Photos: University of Bristol – Historical Photographs of China

American women have been coming to the China coast since Harriet Low, among the first, wrote in her diaries what it was like to live in Macau in the 1830s. Unlike their husbands, fathers, sons and brothers, expatriate women found constricted lives in the outposts of empire in the foreign concessions and Portuguese and British colonies. Not so Wallis Simpson, the later Duchess of Windsor, who immersed herself in Chinese style in the glamorous entrepôt of Shanghai in her Lotus Year, the subject of bestselling writer  and historian Paul French’s latest work. Her first stop in Asia, however, was Hong Kong, and here French tells what it was like for the resilient and resourceful Simpson on her way to making history.

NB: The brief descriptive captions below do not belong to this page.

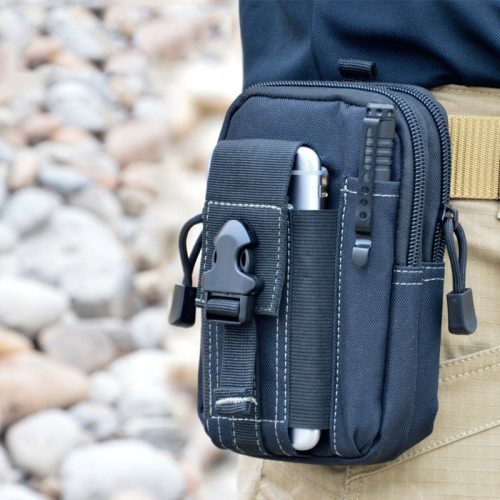 Universal Outdoor Tactical Holster Military Molle Hip Waist Belt Bag Wallet Pouch Purse Phone Case with 5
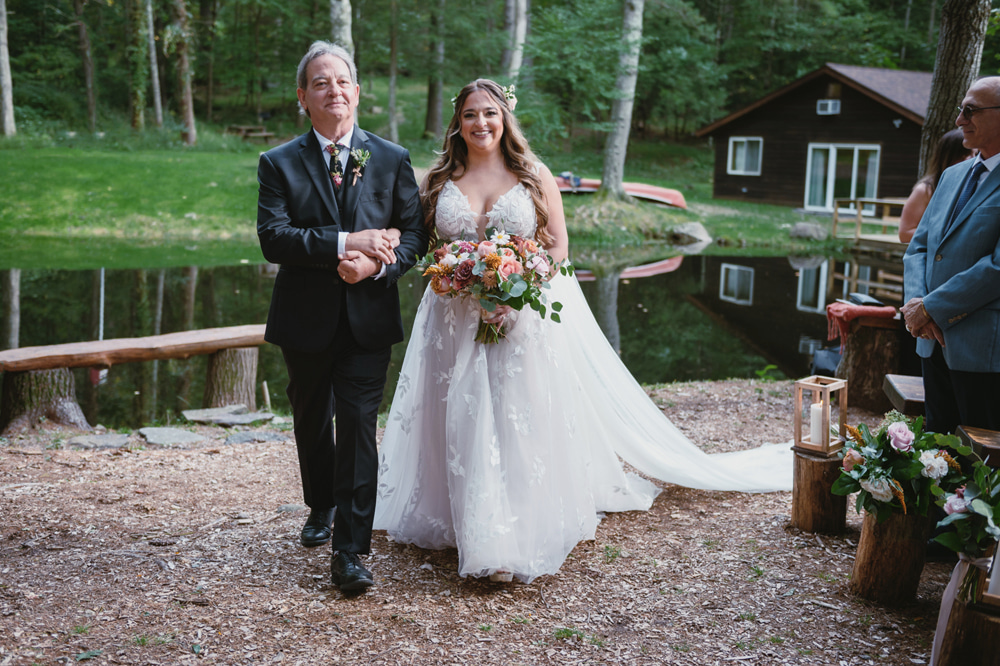 Magnolia Streamside Resort Pocono Wedding Michele and Scott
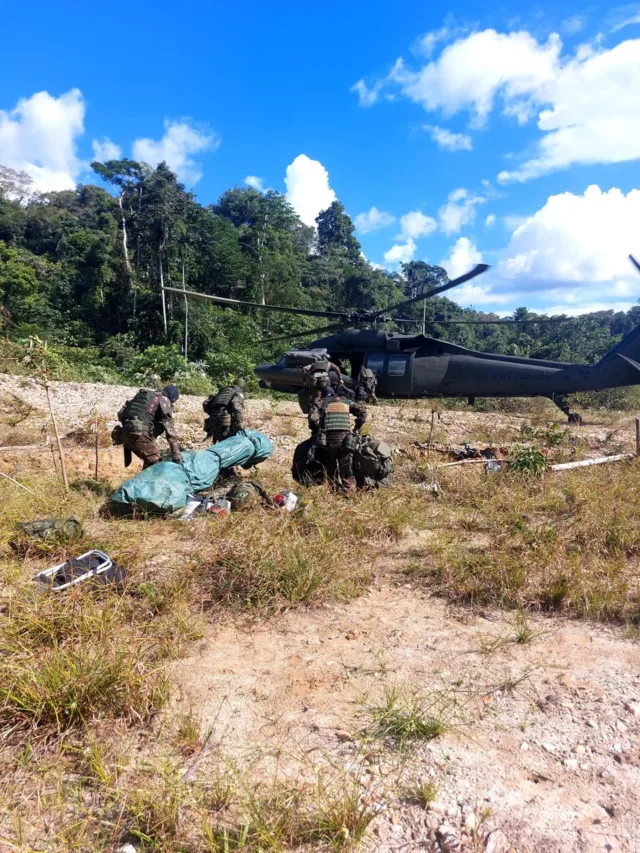 Foto tirada durante a ação da operação. (Foto: Comando Operacional Conjunto CATRIMANI II)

Society column announcement in the Washington, DC Evening Star, September 6, 1924

A century ago, on September 5, 1924, the grand ocean liner Empress of Canada sailed into Victoria Harbour. As usual the harbor was teeming with sampans, barges, tugs, and ferries. The floating confusion forced big ships, like the Empress of Canada, to blow their foghorns persistently to alert the small craft who risked being sunk in their wake. As the Empress moored, her passengers lined the decks waiting for lighters to take them and their luggage ashore. It was a luxurious ship boasting walnut-lined staterooms, vast dining rooms, a bar, library, and dancefloor.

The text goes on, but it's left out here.